For advertisers looking for precision audience control during testing, tvScientific’s CTV advertising and attribution platform provides numerous targeting parameters. These include age, gender, education, income, household, zip code, brand affinity, online purchases, offline purchases, viewing habits, device, business vertical, and 15,000 more segments. This level of granularity provides advertisers with complete control over their incrementality testing process.

Step 3: Determine Timeframe and Ad Content, and Run Your Test

Once your audience is defined, the next step is deciding when to run your test and what type of creative to use. Here are a few best practices to keep in mind.

  • Duration: While the timeframe of the test depends on the volume of interactions (not any specific amount of time), it’s a good idea to run your test for at least a week, or until you have enough conversions to be statistically confident.
  • Timing: Consider running your test during a relatively normal time of the year. Avoid periods with unusual buyer behavior (i.e. holidays, elections, etc.) unless you’re specifically testing for them. These moments could impact your audience’s state of mind in unpredictable ways and undermine the validity of your results.
  • Creative: If you’re looking to measure the raw, incremental value of CTV advertising, you need to run placebo creative during your test. This creative needs to be irrelevant to your business, whether it’s a placebo or a public service announcement (PSA) ad. By running this kind of test campaign, you’ll be able to get an accurate handle on the baseline value of CTV advertising.

With these done, it’s go time. Flight your ad to your test group while suppressing the control group’s exposure.

Step 4: Analyze Test Data and Calculate Incrementality

When the test ends, compare the performance of your test versus control groups side-by-side.
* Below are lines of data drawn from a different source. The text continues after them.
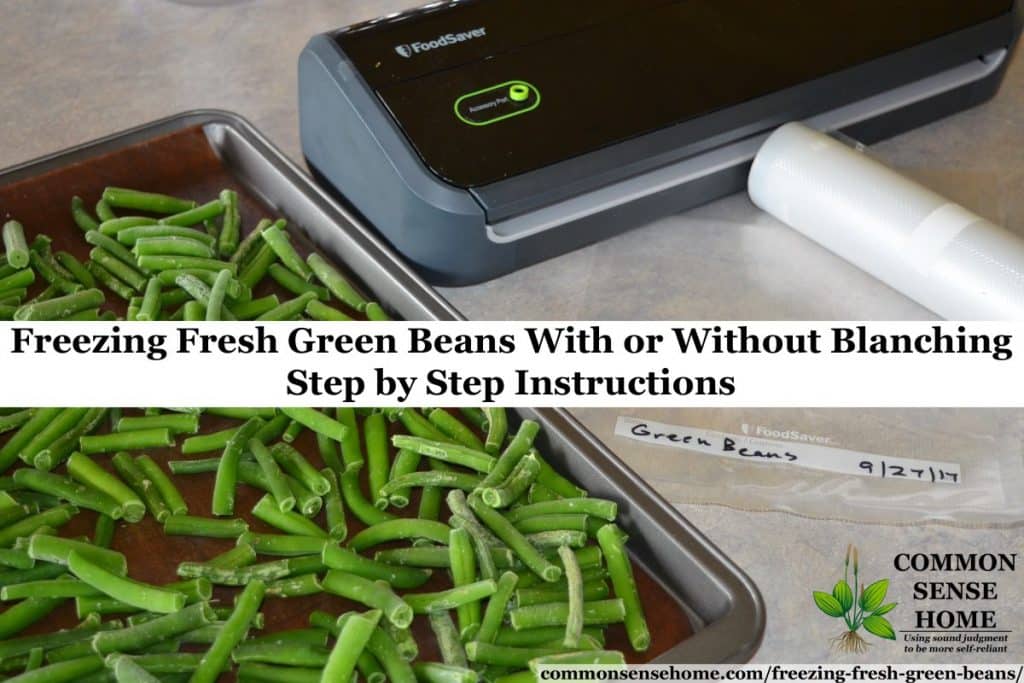 Freezing Beans Without Blanching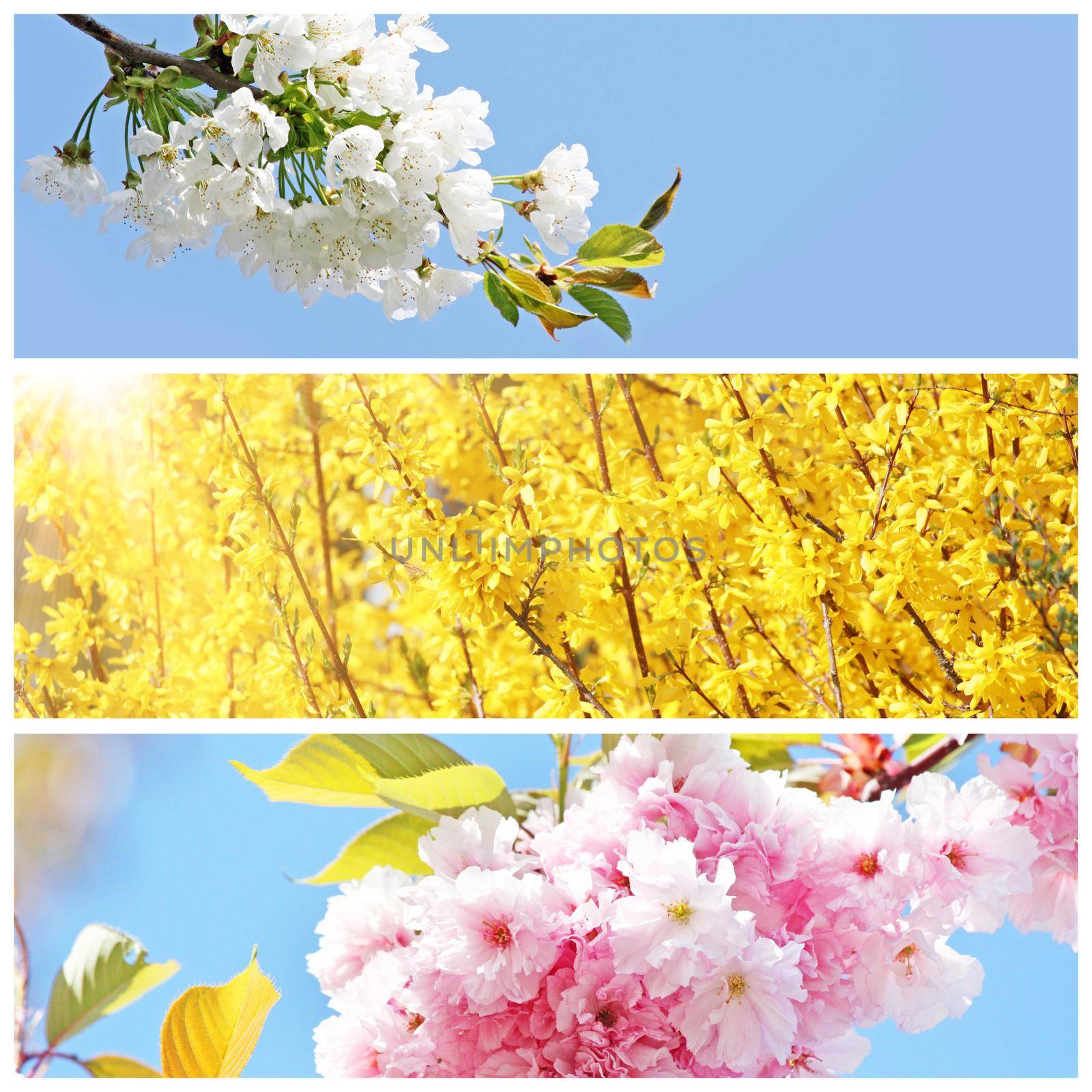 Beautiful nature scene with blooming flowers tree.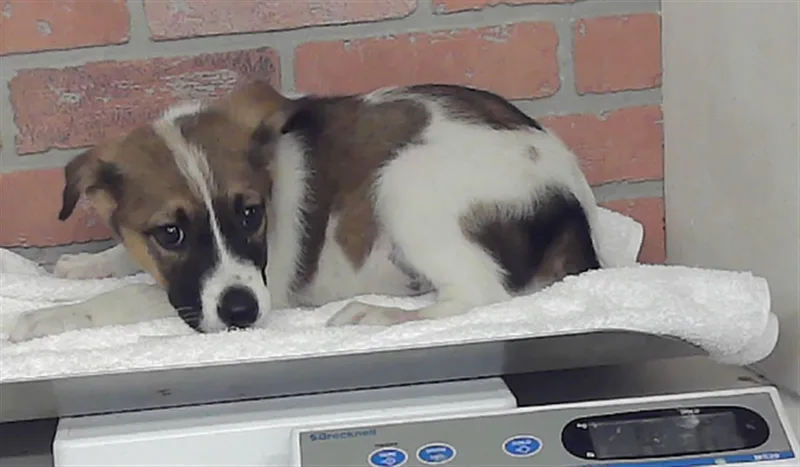 A baby small-sized female Staffordshire Bull Terrier dog named A for adoption in Houston, TX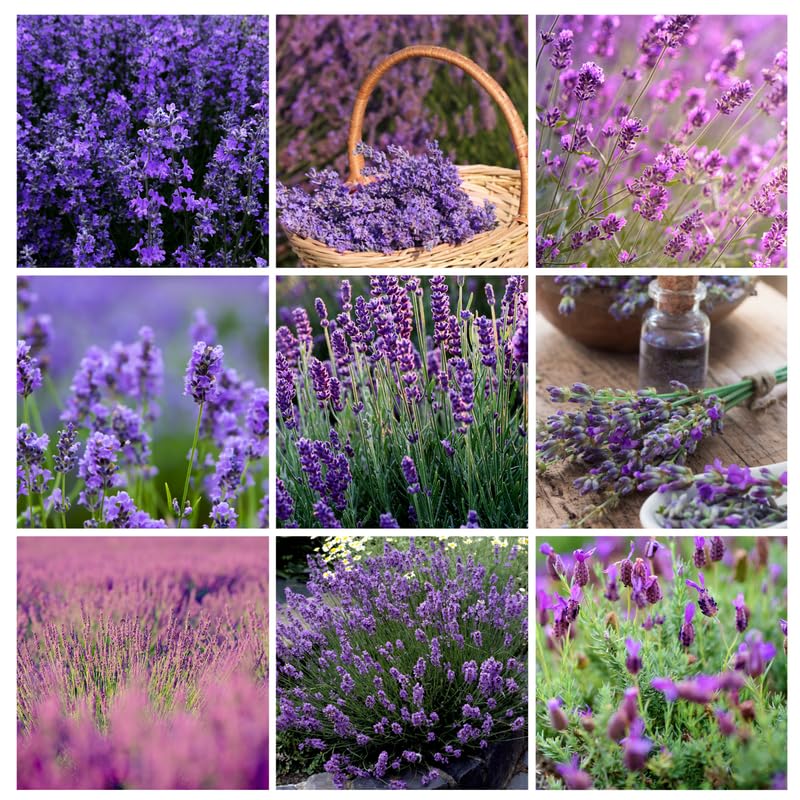 Pack 4 Mixed Lavender Plants Live, 4–8" Tall, Fragrant Lavender Flower Lavandula Perennial Well-Rooted, No Pot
Look for differences in your key metrics (purchases, AOV, etc.).

From there, calculate:

  • Incremental lift (%): The performance gap between test and control
  • Incremental cost per acquisition (iCPA): The cost of each additional conversion driven by your ads
  • Incremental return on ad spend (iROAS): The revenue generated from those additional conversions, compared to your ad spend

With these figures in hand, you now have a clear, data-backed view of the real impact your CTV campaigns are driving.

Finding a Platform that Supports Incrementality Testing

While the impact of traditional TV ads has always been difficult for advertisers to pin down, the arrival of CTV advertising means those days are behind us. Now, advertisers can measure the value of their ads with the kind of precision that had only been possible on digital channels. 

Brands no longer have to wonder if their TV ad campaigns are working. All they need to do is run incrementality testing on their CTV advertising platform to find out.

tvScientific is the only CTV platform with a built-in, always-on incrementality testing feature that continuously compares your campaign’s performance to a statistical baseline. Unlike walled gardens, it provides full transparency into incremental lift and ROI while ensuring your campaigns deliver fraud-free results. tvScientific’s AI driven optimization ensures you’re not just getting attributed conversions, but true incremental outcomes. 

Ready to prove your CTV campaigns are driving incremental sales this Prime Day? Reach out to our team and get started.

Performance TV Incrementality Testing FAQ

Why is incrementality testing better than last-touch attribution? Last-touch can over-credit other channels or organic activity. Incrementality testing isolates the true effect of your ads.

How long should an incrementality test run? It should last at least one week, but the exact duration depends on traffic and conversion volume needed for statistical significance.

Can I run an incrementality test during Prime Day itself? Yes, but it’s even more valuable to test in the weeks leading up to Prime Day, so you can optimize and allocate spend confidently before the surge.

Do I need a large budget to run incrementality testing? Not necessarily. With a platform like tvScientific, advertisers of all sizes can run tests with flexible budgets and still get meaningful results.